I reported on the following updates at the September 12, 2017 meeting of the Southwestern Planned Giving Council:
1. Pennsylvania Budget
The Legislature and the Governor are still discussing various options to close a significant budget gap of approximately 2 billion dollars. Given the failure to agree on the revenue side of the budget, it appears that state spending will be curtailed.
2. Prospects for Federal Tax Reform
The Senate Finance Committee and House Ways and Means Committee are both expected to have Tax Reform hearings in the near future. However, both the House and Senate legislative calendars are limited, and it appears that it will be difficult for any action to be taken on Tax Reform before year end. Charities are well advised to keep informed on the status of the charitable tax deduction and limitations on itemized deductions.

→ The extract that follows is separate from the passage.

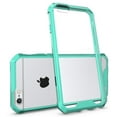 thumbnail image 1 of NAKEDCELLPHONE'S MINT/CLEAR TRANSPARENT ANTI-SHOCK TPU CASE HARD COVER FOR APPLE iPHONE 6 PLUS +, 1 of 10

3. Charitable Substantiation Rules
Two recent cases are illustrative of the importance of substantiating charitable tax deductions. In Big River Development, LP, et al. v. Commissioner, T.C. Memo 2017-166 (August 27, 2017) the Tax Court held that the deed for an easement constituted adequate substantiation. This case involved the Armstrong Cork Building, a historic property in Southwestern ’s Strip District. The taxpayer obtained a qualified appraisal and reported a $7.14 million charitable deduction, but did not obtain an acknowledgement letter from the charity until 2 years later. Fortunately for the taxpayer, the Tax Court found that the deed of easement constituted the contemporaneous written acknowledgement. The point of this case is that the taxpayer had to litigate and spend considerable money on supporting its charitable tax deduction, while this is a relatively simple matter that could have been handled by the charity providing a contemporaneous acknowledgement letter.
In another case involving a remainder interest in real estate, the taxpayer lost a $33 million deduction because the taxpayer did not list its $2.95 million cost basis on IRS Form 8283, as required. Of course, reporting the $2.95 million cost basis would have called into question the $33 million valuation of the remainder and the taxpayer’s claimed deduction. In any event, the Tax Court ruled that because the taxpayer did not comply with the substantiation requirement, it was not entitled to any charitable deduction. This case shows the importance of and the strict construction the IRS places on the charitable substantiation rules.
4. Overtime Final Rule
A federal judge in Texas recently ruled that the Overtime Final Rule issued by the Obama Administration was invalid because the U.S. Department of Labor exceeded its authority in doubling the salary level test from $455.00 a week to $913.00 a week. The U.S. Department of Labor published a recent Request for Information (“RFI”) that asks for comments on the salary level test, how to adjust it for inflation, and what changes to the duties test, if any, are appropriate. Nonprofits are encouraged to respond to the RFI to help ensure that any future Overtime Rule reflects how work is actually performed in nonprofit settings. Comments are due by Monday, September 25, 2017.
Note: This provides general information regarding matters of interest to tax-exempt organizations. Such information is neither legal advice nor legal opinion concerning particular situations. If legal advice or opinion is required, legal counsel should be consulted.